Well. I wish I had gone to Brenda for career counseling a long time ago.
When the opportunity arose to spend a day working on an organic farm, I jumped at the chance. What a fabulous way to bond with my daughter! What an amazing learning experience! Her first question:
“Will there be animals there?”
I told her, quite honestly, that I had no idea. I imagined there might be some chickens, but I couldn't promise her a barnyard filled with animals. Our purpose was to work on the farm, learn more about organic growing, eat an organic lunch, and help as needed.
Although a little worried about the organic, vegetarian lunch, Kristen agreed to go for the slight chance she might meet some new animal buddies.
Here's the thing about my girl: she loves nature. She loves animals.
She did not love Little House on the Prairie.
My saddest mothering moment occurred when I presented her with the series...and the books languished in her room. I mean—this girl is a reader. She flies through 700-page action-adventure books in a day or two. But poor Laura Ingalls Wilder...she was relegated to the bottom of the towering pile of to-be-read books, outranked by Harry Potter and The Guardians of Ga'Hoole. And, when Kristen finally read the most famous book of the series, instead of finding her in a blissed-out state of imagination, dreaming of bonnets and blind sisters, she blasely said, “It was alright.”
Who was this alien child? Was she switched at birth?
I suppose this should have been a heads-up about our mother/daughter farm-day experience.
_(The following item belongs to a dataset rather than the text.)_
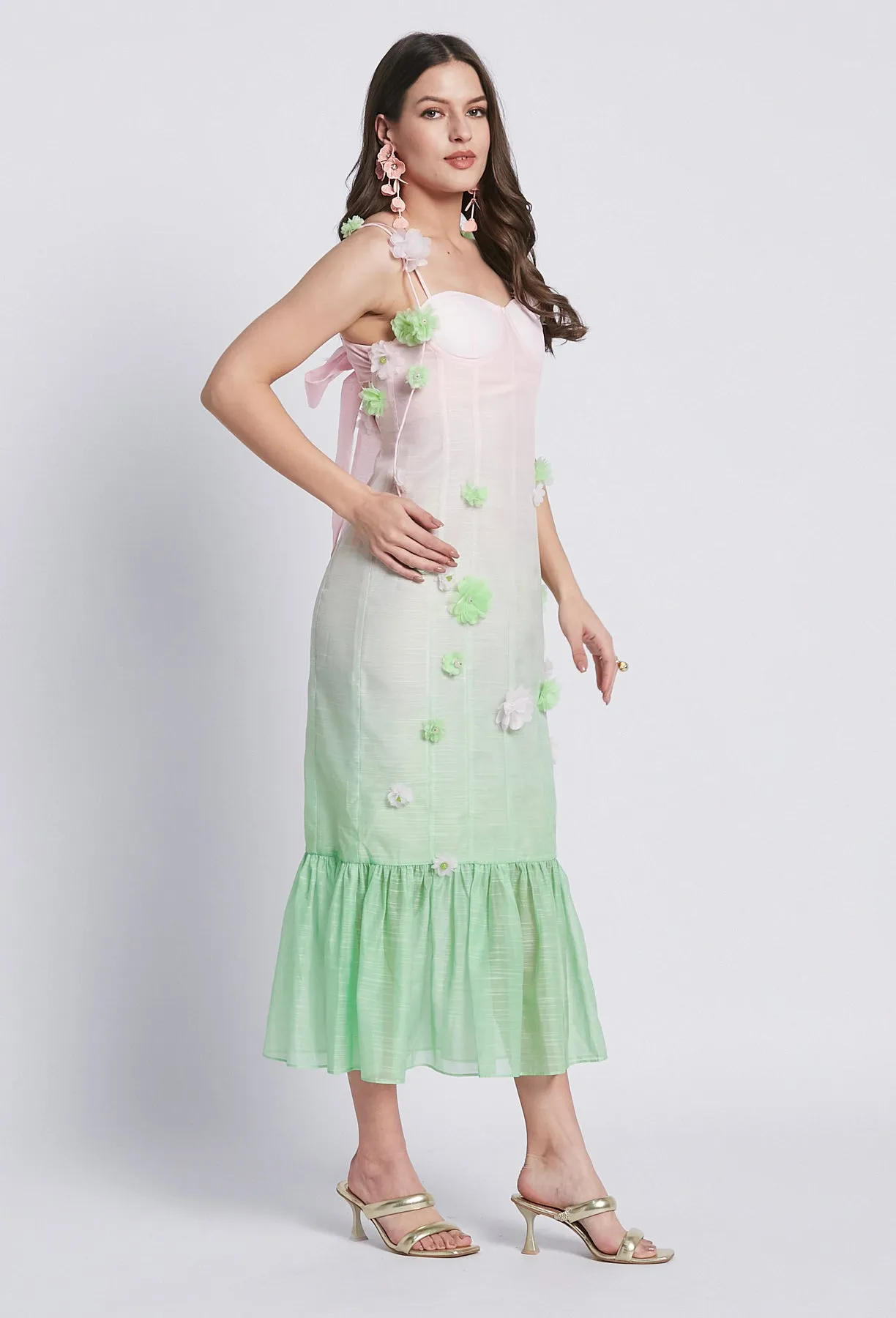 (Pre-order) Alysa Dress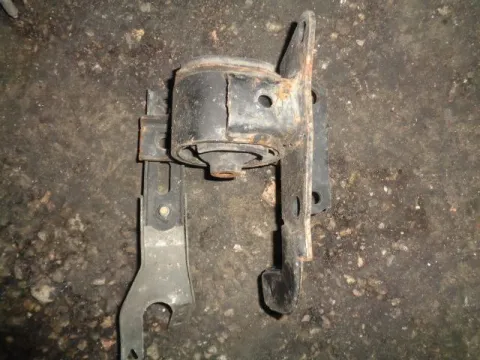 Βάση Κιβωτίου (Σασμάν) Αριστερή για TOYOTA RAV-4 (2006 - 2009) (XA30) Βάση Κιβωτίου (Σασμάν) Αριστερή για TOYOTA RAV-4 (2006 - 2009) (XA30)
Organized by Greenville Organic Foods Organization (GOFO), a fantastic organization dedicated to promoting healthy growing and eating in the Upstate, the work day at Bio-Way Farm served as an opportunity for foodies, greenies, and wanna-be farmers to learn more about organic growing practices--while benefiting our host farmer with some free labor.
And we did labor. Whew.
GOFO organized the outing to Bio-Way Farm as part of its mission to educate the public about the benefits of eating organic foods, while raising awareness of sustainable agriculture and environmental conservation. To achieve these lofty goals, the Executive Director and founder, Viviane Trama, provides numerous outreach programs, such as the Grow Healthy Kids initiative, which organizes and supports organic school gardens, as well as educational opportunities to learn first-hand about the benefits of organic practices through “farm days.”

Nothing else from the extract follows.